Statement 17-18 says Musk met with Saudi Investment Fund. Now we get to "19. ...
he assumed the the lead Fund representative was proposing a "standard" going-private transaction ..." Now even the government states Musk had 'assumed' which is a far from a deliberate act to mislead others. Restating the government claim, "20-22" are more details about Musk's understanding or misunderstanding. Again, the government provides a step-by-step list of what would be required.
Statements 23-59 shows Musk learning how going private is handled, a painful lesson. But there is a big gap between venial and accidental. Then "60. On the next trading day ..." again the stock gamblers were playing.
Statements 61-67 more on the education of Musk. Then we go full circle to:
"Musk Knew or Was Reckless in Not Knowing ..."
Again, the government eviscerates their claim by "
Not Knowing."
Statements 68-74 again claims facts not in evidence, the knowledge Musk had about what it takes to go from a public to a private corporation. He knew the advantages of stability to the SpaceX stock prices versus the wide spread, baseless speculations of financial 'news.'
Statements 75-77 restates the stock gamblers went for a ride.

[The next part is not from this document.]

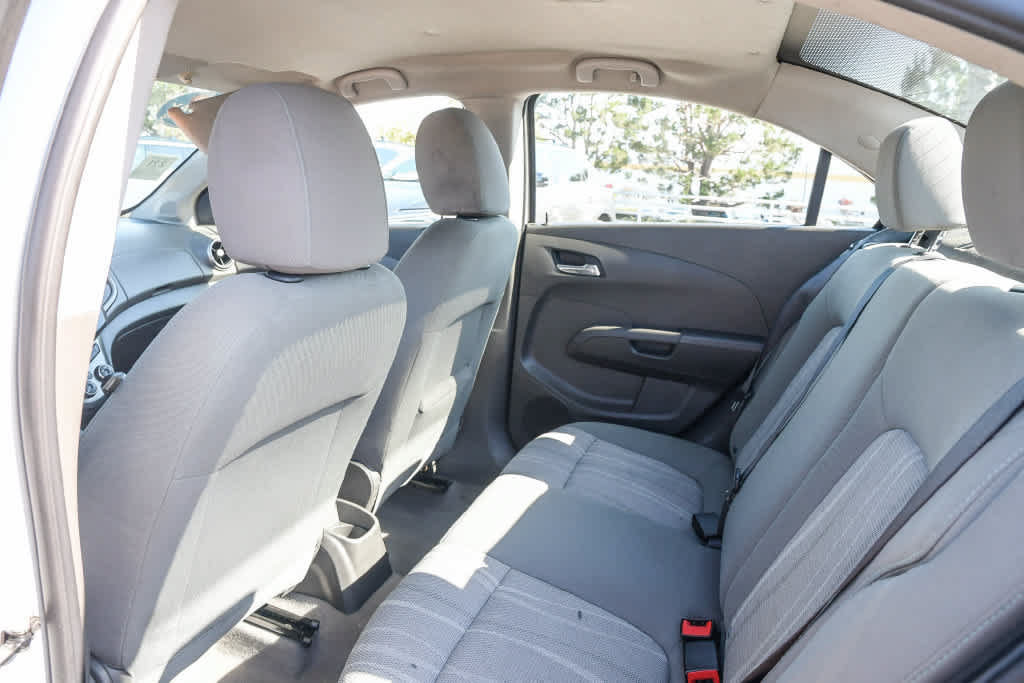 Used 2016 Chevrolet Sonic LT FWD image 17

It ends with the "CLAIM FOR RELIEF" which for completeness are:
I. Finding that Defendant violated the provisions of the federal securities laws as alleged herein;
To be determined at trial. There is a open question of intent versus ignorance.
II. Permanently restraining and enjoining Defendant from, directly or indirectly, engaging in conduct in violation of Section 10(b) of the Exchange Act [15 U.S.C. § 78j(b)] and Rule 10b-5 thereunder [17 C.F.R. § 240.10b-5];
Citing the statute, kinda redundant.
III. Ordering Defendant to disgorge, with prejudgment interest, any ill-gotten gains received as a result of the violations alleged herein;
Facts not detailed in the allegations. Had Musk sold or bought stock at the time, game, set, point but I didn't find Musk had made any gains in the allegations. Can you find any?
IV. Ordering Defendant to pay civil penalties pursuant to Section 21(d)(3) of the Exchange Act [15 U.S.C. § 78u(d)(3)];
Pay the fine after adjudication.
V. Ordering that Defendant be prohibited from acting as an officer or director of any issuer that has a class of securities registered pursuant to Section 12 of the Exchange Act [15 U.S.C.
§ 78l] or that is required to file reports pursuant to Section 15(d) of the Exchange Act [15 U.S.C. § 78o(d)]; and
This is a sensitive point because Musk is the chief engineer. Loss of his engineering expertise would be the SEC fatally shutting down Tesla.
VI. Granting such other and further relief as this Court may deem just, equitable, or necessary.
Pointing a finger and saying TISK TISK TISK.